Fantastic literature often attributes hypnotic powers to nonhuman beings. Stories of hypnotic control, continuing from the early Dracula era, recur regularly, extended beyond vampires to aliens and mutants, from James Corbett's Devil-Man from Mars (1935) to Ian Watson's Converts (1984).

== More balanced or realistic depictions ==
While most portrayals emphasize danger or deceit (education being one of the few more positive dimensions), some works present hypnosis in a therapeutic or neutral light; these are however rather rare. Barrett identifies examples in movies such as Equus (1977), Agnes of God (1985) and Mesmer (1994), which engage seriously with psychological themes rather than sensationalized mind control. Brian M. Stableford in the context of literature noted that John D. MacDonald's "Cosmetics (1948) and Theodore Sturgeon's The Other Man (1956) "featuring constructive accounts of hypnotherapy... occupy an uneasy situation on the genre's fringe".

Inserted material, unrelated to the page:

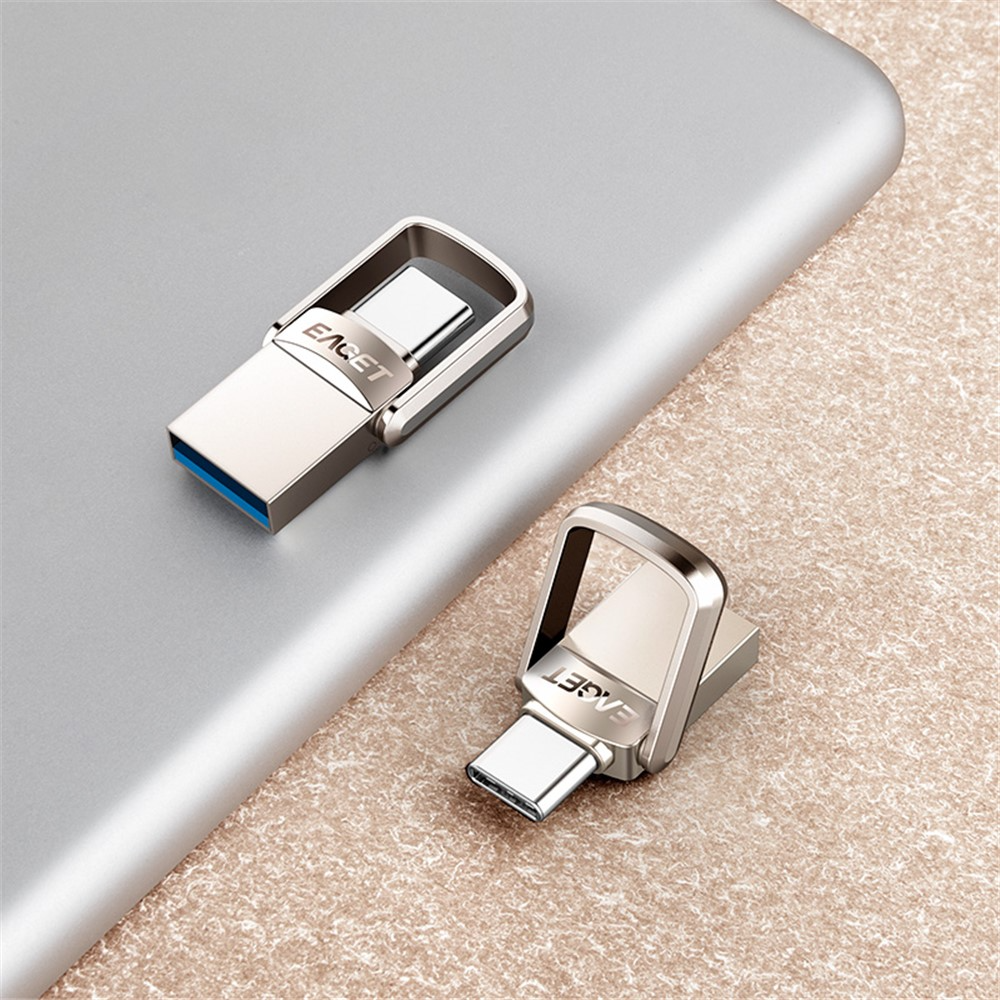 Vanjska memorija USB-A 3.1 / USB-C Eaget CU20, 64Gb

However, even such portrayals can distort the actual science. Hypnosis in fiction is generally portrayed as much more powerful than in reality, and is a common way for writers to explain the trope of mind control in their works. The popular association of hypnosis with memory recovery or even recovering memories of past lives, understood by lay people as a form of a mysterious key to hidden truths, as well as pseudoscience and the occult, have in fact caused reputational damage to scientific study and use of hypnosis.